_TRY IT_. Beneath this task are records; print exactly the stretch of them from the line with "Lego building blocks, the" through the line with "Vivienne Westwood Orb-plaque", both ends included.

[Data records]

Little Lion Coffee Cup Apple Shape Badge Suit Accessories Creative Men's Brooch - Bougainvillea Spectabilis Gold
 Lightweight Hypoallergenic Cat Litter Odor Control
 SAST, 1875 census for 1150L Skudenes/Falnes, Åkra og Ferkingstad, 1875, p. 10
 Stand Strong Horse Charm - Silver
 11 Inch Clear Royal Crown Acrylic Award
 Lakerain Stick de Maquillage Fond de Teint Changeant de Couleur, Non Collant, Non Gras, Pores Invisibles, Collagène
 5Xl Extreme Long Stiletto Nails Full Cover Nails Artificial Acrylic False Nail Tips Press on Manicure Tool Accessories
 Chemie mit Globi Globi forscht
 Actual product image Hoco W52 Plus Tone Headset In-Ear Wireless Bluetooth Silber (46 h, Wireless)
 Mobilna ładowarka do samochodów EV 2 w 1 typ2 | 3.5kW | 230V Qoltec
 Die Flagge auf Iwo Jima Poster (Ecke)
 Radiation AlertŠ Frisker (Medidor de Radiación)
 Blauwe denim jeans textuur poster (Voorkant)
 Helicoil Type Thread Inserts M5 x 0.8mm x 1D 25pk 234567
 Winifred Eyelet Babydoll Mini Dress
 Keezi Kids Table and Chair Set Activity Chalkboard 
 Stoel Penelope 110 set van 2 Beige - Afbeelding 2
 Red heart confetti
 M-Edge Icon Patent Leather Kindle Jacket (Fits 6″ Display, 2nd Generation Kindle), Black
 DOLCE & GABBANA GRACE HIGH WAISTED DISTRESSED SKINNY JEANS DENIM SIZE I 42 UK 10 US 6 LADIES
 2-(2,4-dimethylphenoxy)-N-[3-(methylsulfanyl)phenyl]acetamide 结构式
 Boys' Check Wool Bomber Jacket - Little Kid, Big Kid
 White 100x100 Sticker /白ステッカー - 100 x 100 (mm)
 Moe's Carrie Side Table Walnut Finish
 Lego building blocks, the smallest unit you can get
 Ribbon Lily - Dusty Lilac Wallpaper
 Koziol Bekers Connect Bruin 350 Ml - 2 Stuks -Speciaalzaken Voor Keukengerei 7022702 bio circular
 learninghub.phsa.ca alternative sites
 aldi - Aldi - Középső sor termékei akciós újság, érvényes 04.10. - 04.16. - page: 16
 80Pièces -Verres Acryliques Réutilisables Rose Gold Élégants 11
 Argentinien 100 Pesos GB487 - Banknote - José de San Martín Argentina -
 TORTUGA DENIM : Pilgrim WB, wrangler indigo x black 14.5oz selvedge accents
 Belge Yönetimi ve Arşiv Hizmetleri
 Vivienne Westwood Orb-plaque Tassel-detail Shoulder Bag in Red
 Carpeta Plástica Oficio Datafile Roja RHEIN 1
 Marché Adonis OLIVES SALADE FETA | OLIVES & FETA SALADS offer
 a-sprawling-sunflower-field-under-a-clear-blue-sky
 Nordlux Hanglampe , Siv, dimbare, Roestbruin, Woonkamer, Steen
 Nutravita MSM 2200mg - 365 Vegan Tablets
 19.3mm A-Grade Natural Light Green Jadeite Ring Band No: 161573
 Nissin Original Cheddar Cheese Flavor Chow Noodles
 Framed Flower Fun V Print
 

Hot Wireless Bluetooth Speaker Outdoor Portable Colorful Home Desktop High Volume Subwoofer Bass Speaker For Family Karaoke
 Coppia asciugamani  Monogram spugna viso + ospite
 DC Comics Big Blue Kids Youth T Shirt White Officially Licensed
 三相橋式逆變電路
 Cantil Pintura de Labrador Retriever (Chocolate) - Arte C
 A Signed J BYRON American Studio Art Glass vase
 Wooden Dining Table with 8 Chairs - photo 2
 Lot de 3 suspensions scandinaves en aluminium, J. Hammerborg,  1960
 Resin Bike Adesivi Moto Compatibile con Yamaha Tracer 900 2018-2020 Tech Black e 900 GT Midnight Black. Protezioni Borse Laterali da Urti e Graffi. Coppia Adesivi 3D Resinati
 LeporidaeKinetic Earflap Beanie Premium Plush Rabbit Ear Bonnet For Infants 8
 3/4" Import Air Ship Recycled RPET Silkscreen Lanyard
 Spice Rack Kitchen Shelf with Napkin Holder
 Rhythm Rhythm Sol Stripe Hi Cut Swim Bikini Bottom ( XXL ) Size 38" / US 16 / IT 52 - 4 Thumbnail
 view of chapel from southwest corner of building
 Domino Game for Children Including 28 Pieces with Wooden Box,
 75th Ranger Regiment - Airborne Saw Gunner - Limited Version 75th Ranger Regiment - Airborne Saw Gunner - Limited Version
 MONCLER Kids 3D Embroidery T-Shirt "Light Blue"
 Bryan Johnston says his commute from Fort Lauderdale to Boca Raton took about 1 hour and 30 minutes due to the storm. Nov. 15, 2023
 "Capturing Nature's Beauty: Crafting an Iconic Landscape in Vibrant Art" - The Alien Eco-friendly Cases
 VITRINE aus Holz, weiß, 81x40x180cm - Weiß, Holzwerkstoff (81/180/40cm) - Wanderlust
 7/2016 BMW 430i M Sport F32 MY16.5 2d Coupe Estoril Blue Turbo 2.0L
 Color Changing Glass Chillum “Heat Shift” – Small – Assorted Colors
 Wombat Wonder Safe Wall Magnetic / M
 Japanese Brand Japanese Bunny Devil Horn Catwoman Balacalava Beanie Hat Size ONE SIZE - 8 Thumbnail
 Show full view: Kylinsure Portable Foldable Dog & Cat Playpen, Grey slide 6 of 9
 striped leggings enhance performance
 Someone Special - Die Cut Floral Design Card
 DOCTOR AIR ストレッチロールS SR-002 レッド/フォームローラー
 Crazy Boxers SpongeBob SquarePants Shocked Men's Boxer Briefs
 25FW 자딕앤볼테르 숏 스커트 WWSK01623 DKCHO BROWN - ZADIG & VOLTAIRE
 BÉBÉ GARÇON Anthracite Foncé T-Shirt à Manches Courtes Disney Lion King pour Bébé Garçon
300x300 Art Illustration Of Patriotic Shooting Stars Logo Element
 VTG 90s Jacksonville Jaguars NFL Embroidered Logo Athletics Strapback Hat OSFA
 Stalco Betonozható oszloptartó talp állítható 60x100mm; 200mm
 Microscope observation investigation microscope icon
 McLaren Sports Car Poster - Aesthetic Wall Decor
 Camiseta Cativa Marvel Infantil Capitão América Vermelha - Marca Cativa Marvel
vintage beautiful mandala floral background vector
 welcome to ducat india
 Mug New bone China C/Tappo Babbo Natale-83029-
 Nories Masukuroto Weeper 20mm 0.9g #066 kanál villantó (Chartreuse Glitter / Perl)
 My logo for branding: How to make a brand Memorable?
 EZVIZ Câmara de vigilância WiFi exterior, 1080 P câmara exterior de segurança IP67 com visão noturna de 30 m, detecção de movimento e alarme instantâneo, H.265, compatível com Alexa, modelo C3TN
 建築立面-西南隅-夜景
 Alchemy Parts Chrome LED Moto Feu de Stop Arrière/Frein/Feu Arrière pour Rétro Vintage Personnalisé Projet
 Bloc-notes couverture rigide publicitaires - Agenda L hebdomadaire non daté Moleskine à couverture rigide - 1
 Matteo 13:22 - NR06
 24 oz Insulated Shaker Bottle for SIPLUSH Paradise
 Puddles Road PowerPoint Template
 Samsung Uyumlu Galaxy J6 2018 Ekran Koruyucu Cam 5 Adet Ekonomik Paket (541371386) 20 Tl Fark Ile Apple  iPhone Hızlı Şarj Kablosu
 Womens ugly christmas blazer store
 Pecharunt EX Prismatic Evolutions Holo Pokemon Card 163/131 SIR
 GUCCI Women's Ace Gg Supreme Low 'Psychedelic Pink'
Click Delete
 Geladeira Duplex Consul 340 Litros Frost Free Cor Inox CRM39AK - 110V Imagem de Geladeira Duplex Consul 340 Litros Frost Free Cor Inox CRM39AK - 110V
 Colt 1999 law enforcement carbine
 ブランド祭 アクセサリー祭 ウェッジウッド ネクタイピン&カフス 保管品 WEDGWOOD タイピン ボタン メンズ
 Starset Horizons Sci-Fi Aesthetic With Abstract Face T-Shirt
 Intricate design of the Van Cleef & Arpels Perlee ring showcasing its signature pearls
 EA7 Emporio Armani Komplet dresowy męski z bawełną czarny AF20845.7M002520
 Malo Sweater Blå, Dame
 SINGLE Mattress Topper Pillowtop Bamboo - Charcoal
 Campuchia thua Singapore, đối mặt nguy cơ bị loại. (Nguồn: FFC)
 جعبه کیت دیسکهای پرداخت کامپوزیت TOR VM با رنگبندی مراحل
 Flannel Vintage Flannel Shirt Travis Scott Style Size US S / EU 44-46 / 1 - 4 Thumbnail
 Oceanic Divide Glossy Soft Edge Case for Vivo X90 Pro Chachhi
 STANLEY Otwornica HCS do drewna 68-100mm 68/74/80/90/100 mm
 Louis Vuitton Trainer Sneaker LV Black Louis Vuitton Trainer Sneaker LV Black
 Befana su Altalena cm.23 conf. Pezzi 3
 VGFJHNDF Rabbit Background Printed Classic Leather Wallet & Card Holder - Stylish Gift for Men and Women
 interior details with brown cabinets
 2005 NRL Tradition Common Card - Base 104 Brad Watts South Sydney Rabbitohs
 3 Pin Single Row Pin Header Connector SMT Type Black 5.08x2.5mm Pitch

_TASK RESULT_.
 Lego building blocks, the smallest unit you can get
 Ribbon Lily - Dusty Lilac Wallpaper
 Koziol Bekers Connect Bruin 350 Ml - 2 Stuks -Speciaalzaken Voor Keukengerei 7022702 bio circular
 learninghub.phsa.ca alternative sites
 aldi - Aldi - Középső sor termékei akciós újság, érvényes 04.10. - 04.16. - page: 16
 80Pièces -Verres Acryliques Réutilisables Rose Gold Élégants 11
 Argentinien 100 Pesos GB487 - Banknote - José de San Martín Argentina -
 TORTUGA DENIM : Pilgrim WB, wrangler indigo x black 14.5oz selvedge accents
 Belge Yönetimi ve Arşiv Hizmetleri
 Vivienne Westwood Orb-plaque Tassel-detail Shoulder Bag in Red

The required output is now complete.